Can you provide a brief overview of your lab’s current research focus?
Our lab is focused on studying the biological basis of lung cancer initiation, progression and response to therapy. We utilize different approaches to address this, from sequencing patient tumours to performing functional screens in cell lines and genetically engineered mouse model systems. Through integration of these different platforms, we investigate a wide variety of questions including why some patients are more susceptible to lung cancer development, how drug resistance manifests and can be circumvented, and how specific mutations drive lung cancer and immune response, just to name a few. We even have a project investigating whether smoking cannabis is associated with lung carcinogenesis.
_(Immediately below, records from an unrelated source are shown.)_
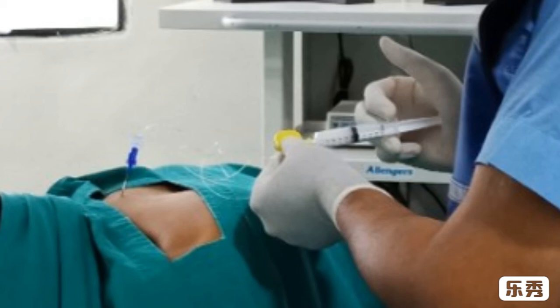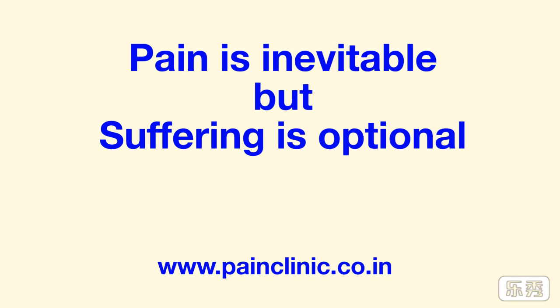If you are suffering with this problem, you can ask your orthopedic to refer to a pain physician in your area to get this therapy, or you can directly search for any pain physician in your area. They are specially trained for this minimally invasive therapy. Don't forget — pain is inevitable, but suffering is optional. Thank you.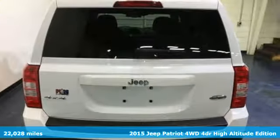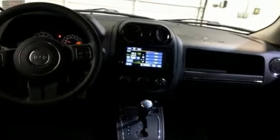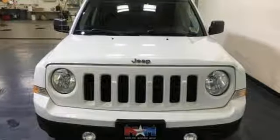Inline 4-cylinder engine, front heated leather bucket seats, auxiliary audio input, manual tilting steering column, power heated mirrors.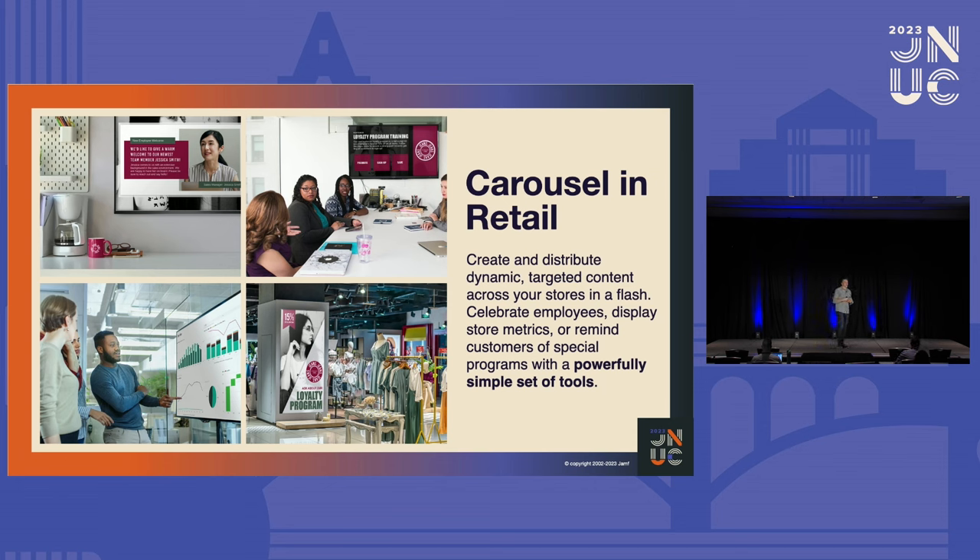Normally we get invited to JNUC to talk about education customers, and we've had corporate customers but it's usually been at the corporate office. Then they ask, can you run in our stores? And now that's the move we're making as Carousel. Here are just a couple of illustrations of where you might see Carousel signage in retail — break rooms, back of house, conference rooms at corporate locations, Power BI data displays, and front of house as well, though that's traditionally not been our focus.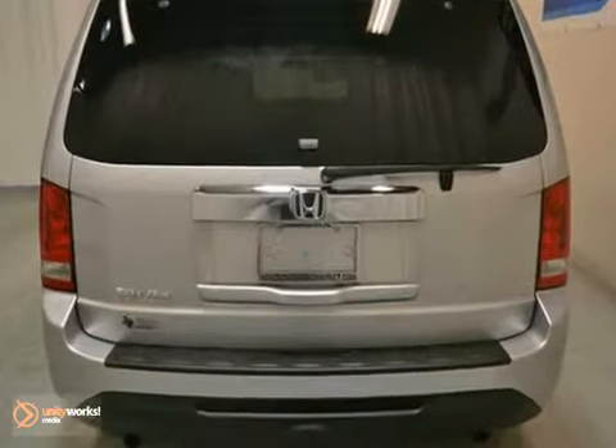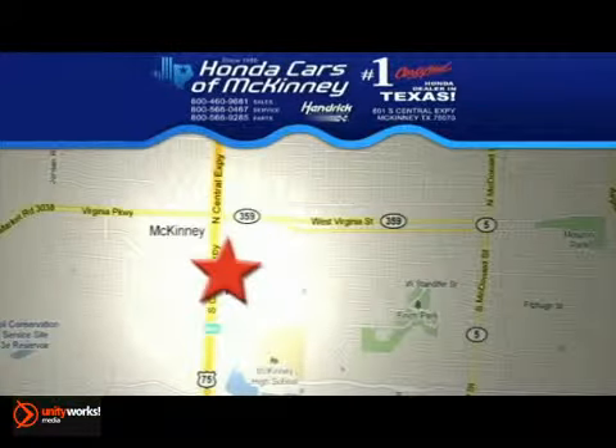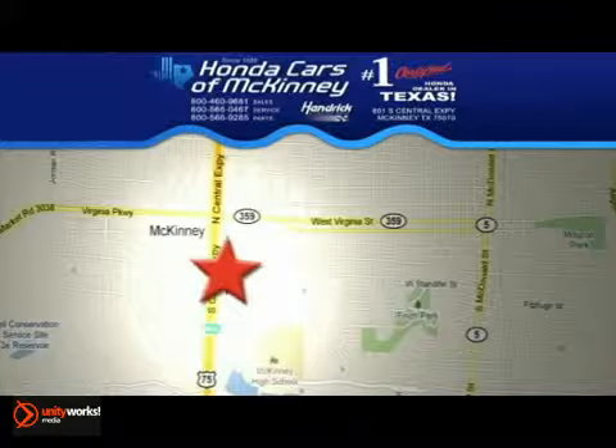Stop in today and take it for a test drive. We're conveniently located on Highway 75 northbound exit 40A in McKinney.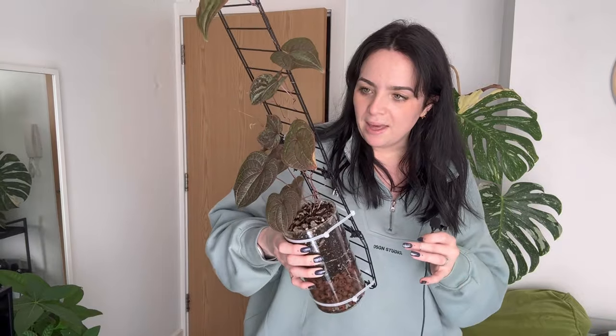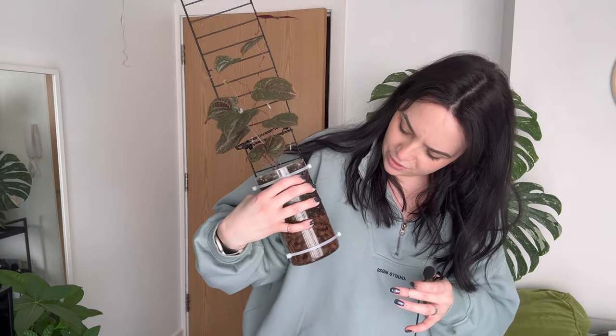Next on the list was Diascoria discolour, which I also crossed off. This one is actually not looking that happy though — you can see some crispy edges. I think it's dried out. At the same time, there are new leaves coming in, so I'm hoping I can make it a bit happier. I just need to stay a bit more on top of the watering.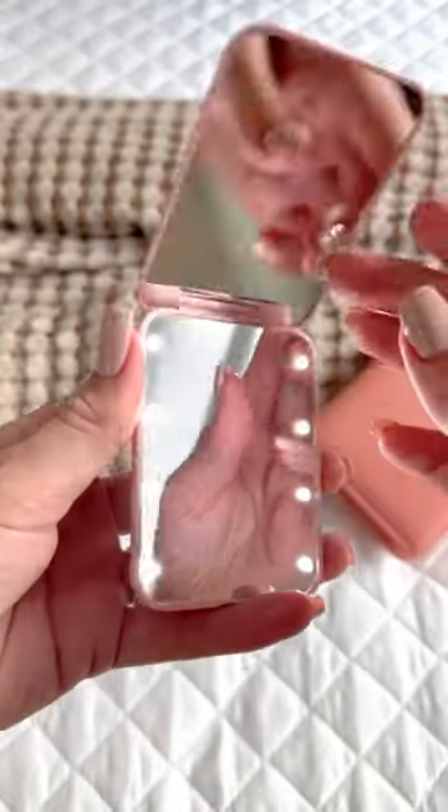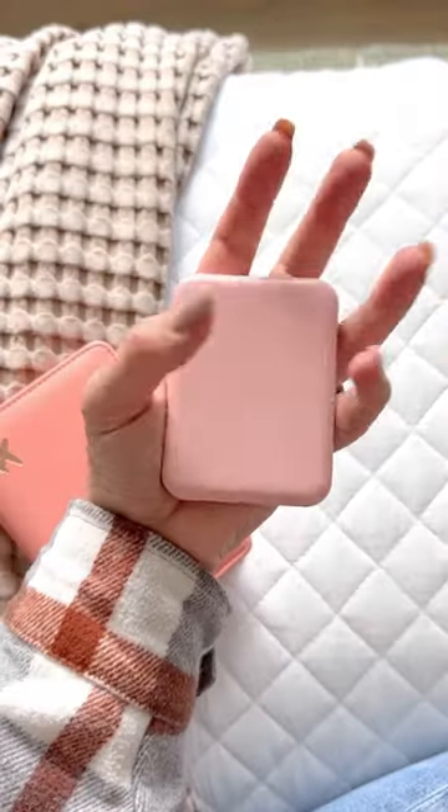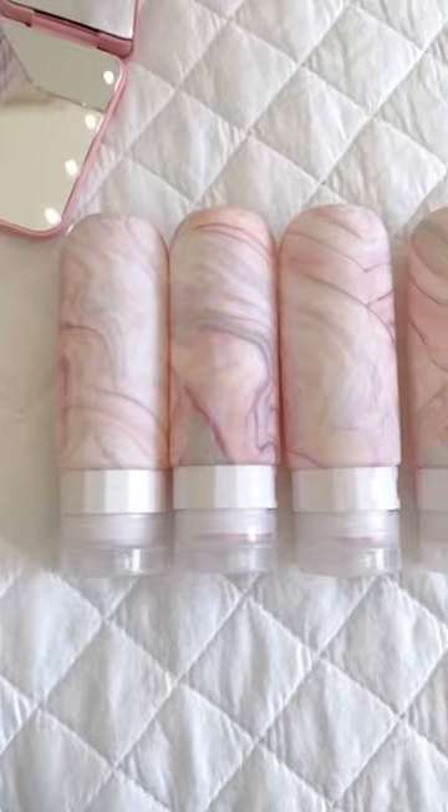This LED pocket mirror is perfect for travel because it is small and compact. Last are these silicone travel bottles for all of your cosmetics.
What is the significance of the findings in this publication?
This study builds on our previous work demonstrating that too much oncogenic signaling is lethal for lung cancer cells. This is a counterintuitive concept, as one would think that more signaling would yield more aggressive cancers. However, our work using multiple systems has shown that engineering lung cancer cells to amplify the commonly mutated EGFR-RAS-MAPK signaling axis leads to cell death. We have since been working on how this concept could be exploited for patient care. In this paper, we made KRAS mutant lung cancer cells resistant to a targeted therapy that blocks MAPK signaling. We found that some of these resistant cells became addicted to the treatment for the drug to survive; they grow fine when drug is present, but when removed, the cancer cells died. This was unexpected, and we subsequently found that these cells died due to too much oncogenic signaling after drug withdrawal. Genomic profiling revealed that these cells acquired mutant KRAS amplification, which drove their resistance to the drug, but also made them susceptible to cell death upon drug removal. We later found that mutant KRAS amplification can drive cell death, confirming these findings. Importantly, we found that in some lung cancer patients treated with mutant KRAS inhibitors, drug resistance occurred after KRAS amplification, suggesting that these findings could be relevant to the clinical setting.
What are the next steps for this research?
This study opens up many new areas of investigation for our group. One main question is whether specific patients that become resistant to targeted therapies may benefit from a “drug holiday”. Essentially, the idea is that in patients with KRAS amplification, drug removal should lead to tumor regression. The idea is to screen for these specific patients and test this concept in the clinic. Furthermore, we want to see if this “drug addiction” phenotype occurs with other targeted agents used for lung cancer patients and whether we can combine drug withdrawal with treatment with other agents that hyperactivate oncogenic signaling to further increase tumor regression.
If you’d like to mention your funding sources, please list them.
Our work wouldn’t be possible without a program project grant from the Canadian Institutes of Health Research and funding for our students, including a Rising Star Award to lead author Dylan Farnsworth from the BC Cancer Foundation.